A Journey to St. Ninian’s

End of path

A view from St. Ninian's Isle. (Credit: Emilie Knudsen)

By: Emilie Knudsen

When I arrive in Shetland at the end of June, I discover that there are only a few hours of grey-dark twilight to bookend the day. True night doesn’t exist here. At 2 a.m., I can look out of my cabin window to see the shadows of trees and the slim shore of the fjord. During the day, the weather is cool and constantly laced with fog, which the slapping wind cannot lever from the ground. So, I closet myself in my little cabin, but I soon learn that you can chase the sun here in Shetland, that even though there might be clouds at the heart of the island, it doesn’t mean there isn’t somewhere a beach bathing in sunlight.

On my last night in Shetland, I follow the flight paths of puffins as they sail wind currents on Sumburgh’s cliffsides until the clouds grow thick and my glasses are covered in a relentless film of rain.

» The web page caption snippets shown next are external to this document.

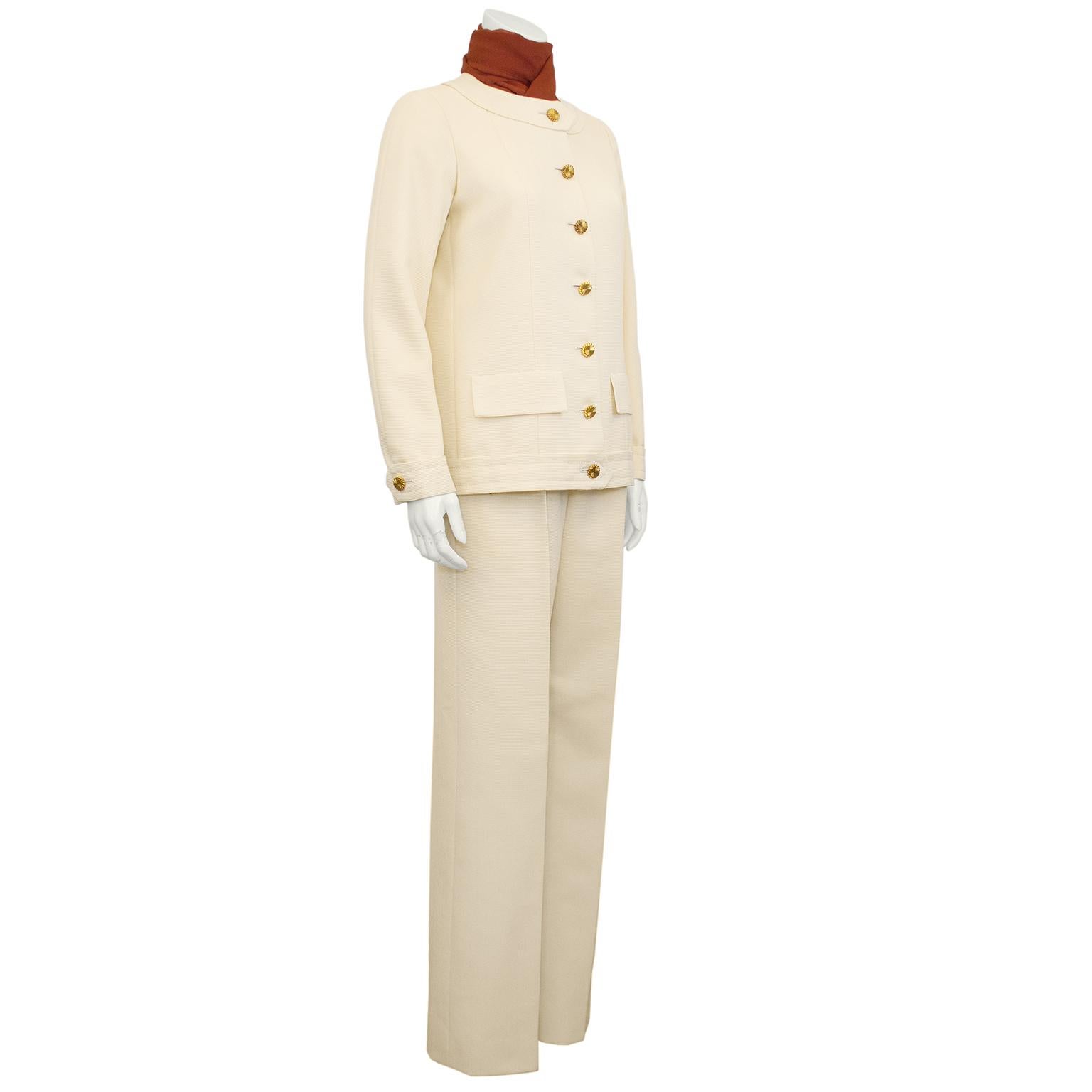 Incredible Chanel Haute Couture cream wool pantsuit from the early 1980s. Collarless jacket with faux flap pockets. Lovely round gold tone metal buttons with a twisted edge detail. Cream silk lining with the iconic Chanel interior hem chain. High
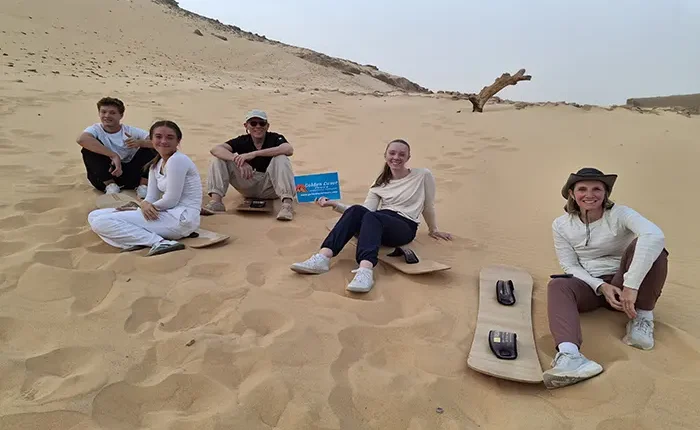 enjoy sandboarding with Golden Luxor Tours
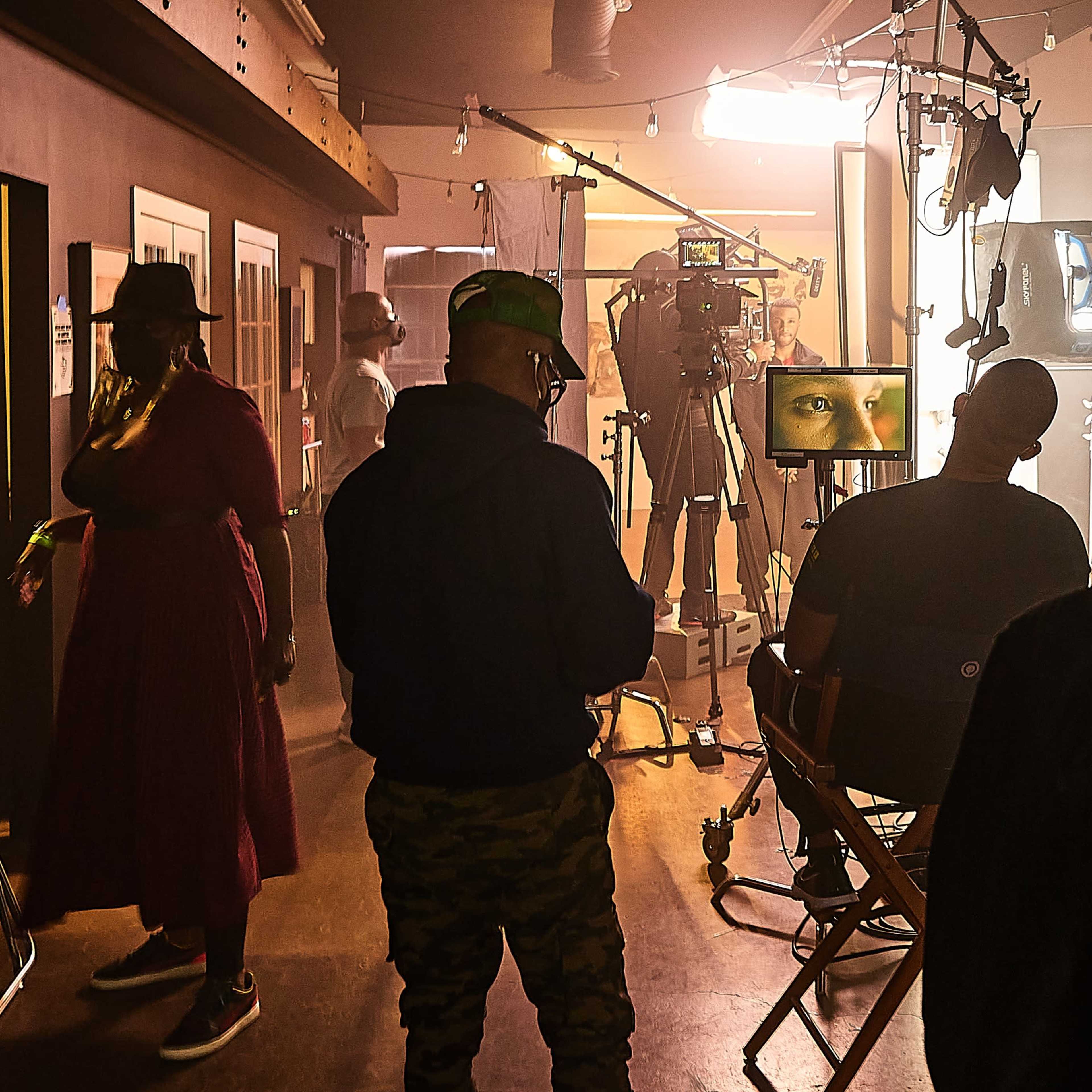 A group of people is gathered in a studio setting, observing a filming setup with cameras and lighting equipment focused on a seated individual.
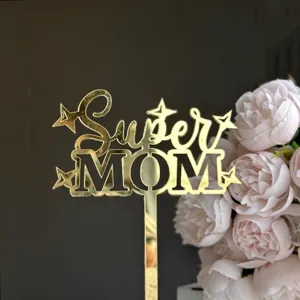 Close-up detail of gold mirror acrylic Super Mom cake topper with lovely pink flowers.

During my drive back, the clouds break apart along the west coast and I follow that square of sunshine to the small village of Bigton, where I discover St. Ninian’s Island. My day had been weather-beaten and grey, but here in front of me, awash in sun, is a deep green isle connected to Shetland’s mainland via a golden tombolo, a narrow shelf of sand that bows across the Atlantic to the island. Access to St. Ninian’s fluctuates seasonally — in winter the arcing beach is often tumbled over by high tides. Walking over the tombolo is like walking across a tamer version of Moses’ parting of the Red Sea. On both sides of me, there is the cold wrath of gods.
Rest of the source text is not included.